Então, a história acabou tomando uma direção totalmente diferente do que imaginei, mas de uma forma boa, eu meio que estou gostando e espero que compartilhem desse sentimento.
Boa Leitura!

Capítulo 3 - Beijo...?


Meu corpo estava pulsando, é difícil explicar a sensação de um beijo bom, dormência, ao mesmo tempo em que seu corpo é cercado por uma hipersensibilidade, as mãos dele ainda estavam em mim, por mais que eu quisesse tocá-lo minhas mãos ainda estavam presas por uma de suas acima da minha cabeça, nossas bocas ainda coladas, olhos fechados, sua língua explorava minha boca e eu o saboreava, eu tinha tido poucos bons beijos para não aproveitar este.

Nossos olhos se abrem em um mesmo momento, nós não tínhamos nos mexido, mas a consciência toma conta de tudo que estava acontecendo, era loucura...

- Eu... – Ele se afasta bruscamente deixando-me surpresa e confusa ao mesmo tempo. – Isso não deveria ter acontecido.

- Mas, aconteceu. – Digo simplesmente como se não fosse nada demais, quando se viviam em um mundo de adultos você aprendia a fingir muita coisa se necessário, inclusive desinteresse mesmo que todo o meu corpo dissesse o contrário.

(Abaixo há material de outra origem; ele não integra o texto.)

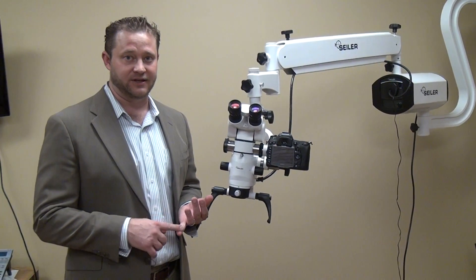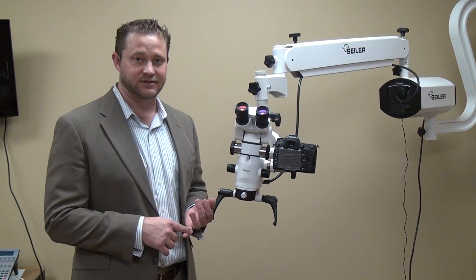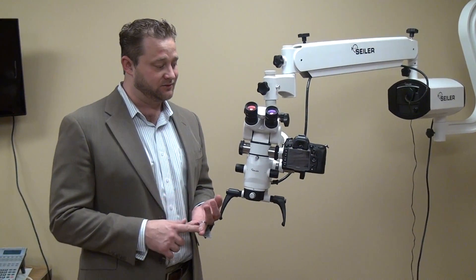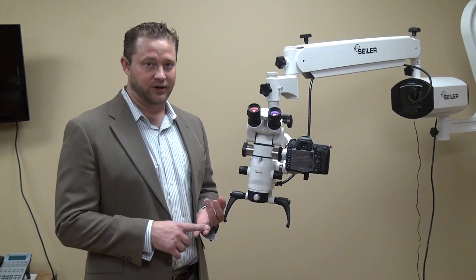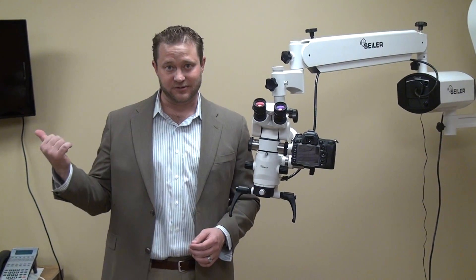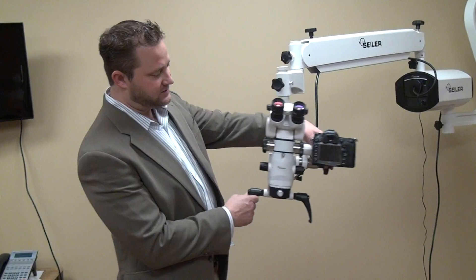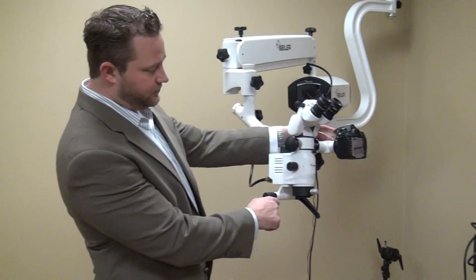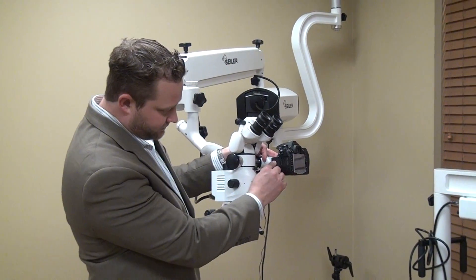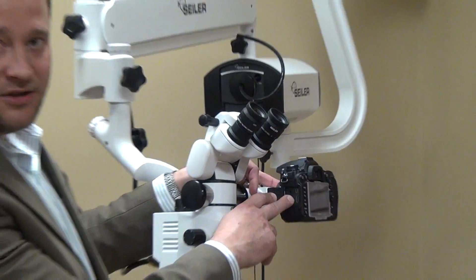First, of course, you're going to be able to take really nice single-shot images at about 20 megapixel. Secondly, you can actually run live HD video from the camera to the monitor. And the way that's done is all the new DSLRs, they each have a little HDMI, small HDMI output.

- Você é uma criança... – Ele olha para o chão e eu reviro os olhos.

- De novo com essa história? – Dessa vez sou em que estou exasperada, cansada de tudo isso, a alguns instantes nossos corpos estavam colados e agora isso? Engraçado que no momento ele nem ao menos pensou na minha idade.

- Isso não vai voltar a acontecer. – Ele cospe essas palavras e meu coração afunda, de certa forma, eu queria que voltasse a acontecer, muitas e muitas vezes.

- Tanto faz... eu continuo não gostando de você. – Digo simplesmente dando de ombros, colocando um sorriso no meu rosto como se ele nem ao menos tivesse me abalado, sua expressão muda, decepção, não sei com que...ele respira fundo e sai da sala e continuo ali, sem conseguir voltar atenção ao caso, droga, era o que eu precisava estar fazendo, tem vidas correndo perigo e eu aqui não consigo parar de pensar na porra de um beijo, coloco meus dedos em meus lábios e balanço a cabeça com força, voltando minha atenção para todas as informações aqui expostas.

Chego em casa exausta, o dia foi mais que cansativo, minha mente não consegue parar, dormir naquela merda de chão acabou comigo, as brigas os beijos e as investigações, tentei tanto encontrar uma pista, um motivo alguma coisa que nos levasse a compreender quem seria o assassino, mas não havia nada.

Tomo um banho demorado em água quente que relaxa todas as minhas musculaturas, escovo meus dentes e escovo meu cabelo devagar, vou em direção ao quarto e encontra o suéter de Draco jogado em cima da minha cama, pego ele por um momento e balanço a cabeça, não, eu não seria a garota que foi tratada mal por quase um ano e depois de uma carona e um beijo se apaixona e ainda dorme com a roupa do cara, eu não era assim, visto um pijama qualquer, e... PAIXÃO.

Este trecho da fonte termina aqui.